-- Data for analysis --
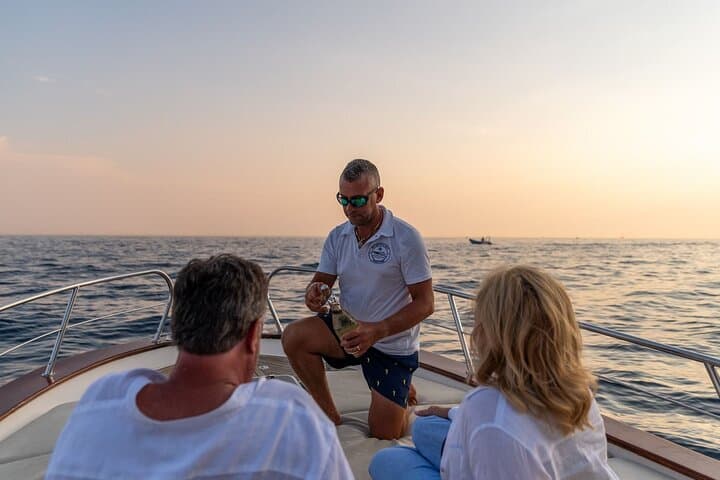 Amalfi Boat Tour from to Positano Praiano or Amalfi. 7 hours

* * *

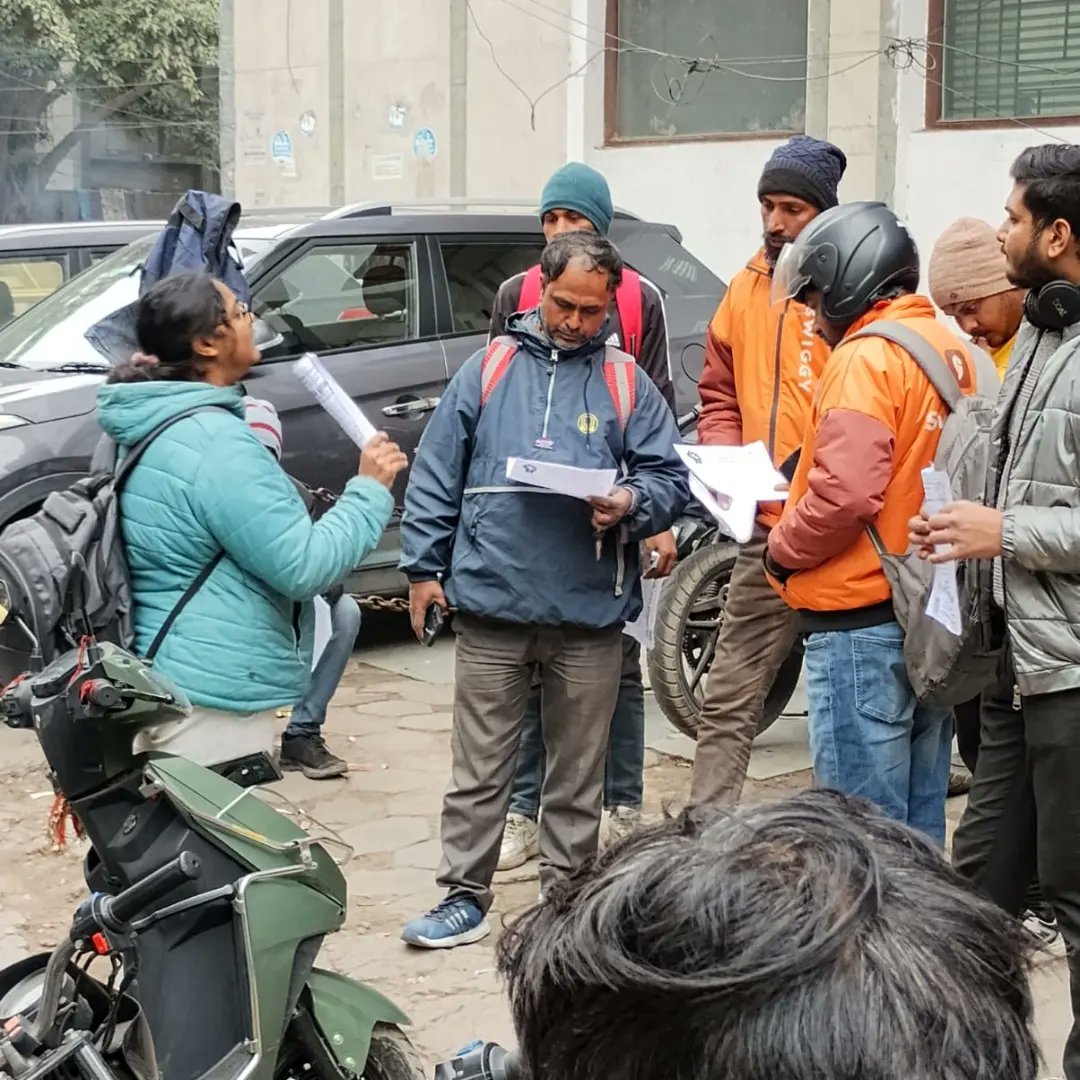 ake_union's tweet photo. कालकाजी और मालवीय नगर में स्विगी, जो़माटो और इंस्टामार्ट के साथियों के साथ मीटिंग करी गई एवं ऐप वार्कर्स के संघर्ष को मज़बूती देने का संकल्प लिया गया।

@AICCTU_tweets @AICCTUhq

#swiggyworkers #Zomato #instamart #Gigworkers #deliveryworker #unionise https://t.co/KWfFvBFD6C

-- Task to carry out --
Using the data above, which lines fall from the one with "ake_union's tweet photo." through the one with "#swiggyworkers #Zomato #instamart"? Repeat them exactly, ends included, minus any pictures.

-- Exercise solution --
 ake_union's tweet photo. कालकाजी और मालवीय नगर में स्विगी, जो़माटो और इंस्टामार्ट के साथियों के साथ मीटिंग करी गई एवं ऐप वार्कर्स के संघर्ष को मज़बूती देने का संकल्प लिया गया।

@AICCTU_tweets @AICCTUhq

#swiggyworkers #Zomato #instamart #Gigworkers #deliveryworker #unionise https://t.co/KWfFvBFD6C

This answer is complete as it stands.